Layers

Configure per-layer models, permissions, tools, and skills; run layers sequentially or in parallel fan-out with task assignment.

Layers are the individual step agents in your pipeline, each running in its own sub-process with its own provider, model, and fresh context window. Layers execute in the order specified by the step array in setting.json. Only the free-text summary from each layer is handed to the next—not the full conversation history or tool outputs.

Layer file structure

Each name in step may have a layer file at .stepper/layer/<name>/index.md. This file contains a YAML frontmatter block (configuration) followed by the layer's system prompt body.

markdown

---
description: implementation layer        # required
model: omlx/deepseek-coder               # or provider: + the default model
temperature: 0.2                         # sampling overrides → the request
top_p: 0.9
tools:
  allow: [read_file, write_file, edit_file, bash]
  deny:  [web_fetch]
permission:                              # per-layer overrides (tighten-only)
  Bash(rm *): deny
  Write(**): ask
mcp:
  allow: [context7]                      # which MCP servers this layer sees
skills: [rust-style]                     # skill bodies injected into the system prompt
steps: 40                                # step cap (ReAct iterations)
on-failure: skip                         # stop (default) | skip the layer and continue
retries: 1                               # extra attempts before applying on-failure
color: green
---
You are the implementation layer.
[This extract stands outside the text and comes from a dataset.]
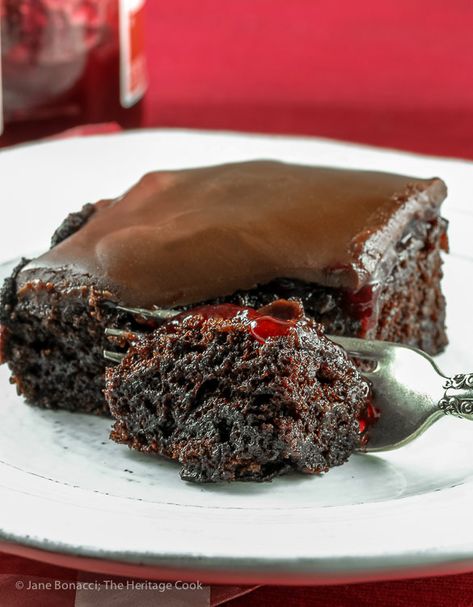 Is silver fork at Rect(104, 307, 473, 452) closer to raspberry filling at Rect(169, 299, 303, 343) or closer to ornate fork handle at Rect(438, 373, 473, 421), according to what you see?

Carry out the plan using the tools.

Frontmatter fields

description (required) — A brief description of the layer's role.
model or provider — Override the default model for this layer. Use provider/model-id format (e.g., omlx/deepseek-coder).
temperature and top_p — Sampling parameters passed to the API request.
tools.allow and tools.deny — Control which tools (e.g., read_file, write_file, bash) this layer can call.
permission — Per-layer permission rules that merge with global rules; can only tighten restrictions (see section below).
mcp.allow — List MCP servers this layer can access (e.g., [context7]).
skills — Array of skill names available to this layer; bodies are lazy-loaded on demand.
steps — Maximum number of ReAct iterations before the layer stops.
on-failure — Either stop (default; halt the pipeline) or skip (continue to the next layer).
retries — Number of extra attempts before on-failure is applied.
color — Optional TUI color label for the layer.

Permission tightening

Per-layer permission rules are merged onto the global rules and respect the resolution order deny > ask > allow. This means a layer can only **tighten** restrictions—it cannot relax a base deny rule. For example, if the global config denies Bash(rm *), a layer cannot allow it; but a layer can ask for confirmation on a tool that was globally allowed.

Parallel layers (fan-out)

A layer can run as a fan-out: one concurrent worker per subtask, each with its own fresh context window and the same layer configuration, all joined before the next layer processes the result. To enable parallel execution, mark the layer parallel: true.

Task assignment

The **preceding** layer (the one before the parallel layer) is offered the assign_tasks tool. This layer calls assign_tasks({ tasks: [{label, prompt}, …] }) to split work into subtasks. Each subtask becomes one worker in the parallel layer. If the preceding layer does not assign any tasks, the parallel layer runs once with no task context.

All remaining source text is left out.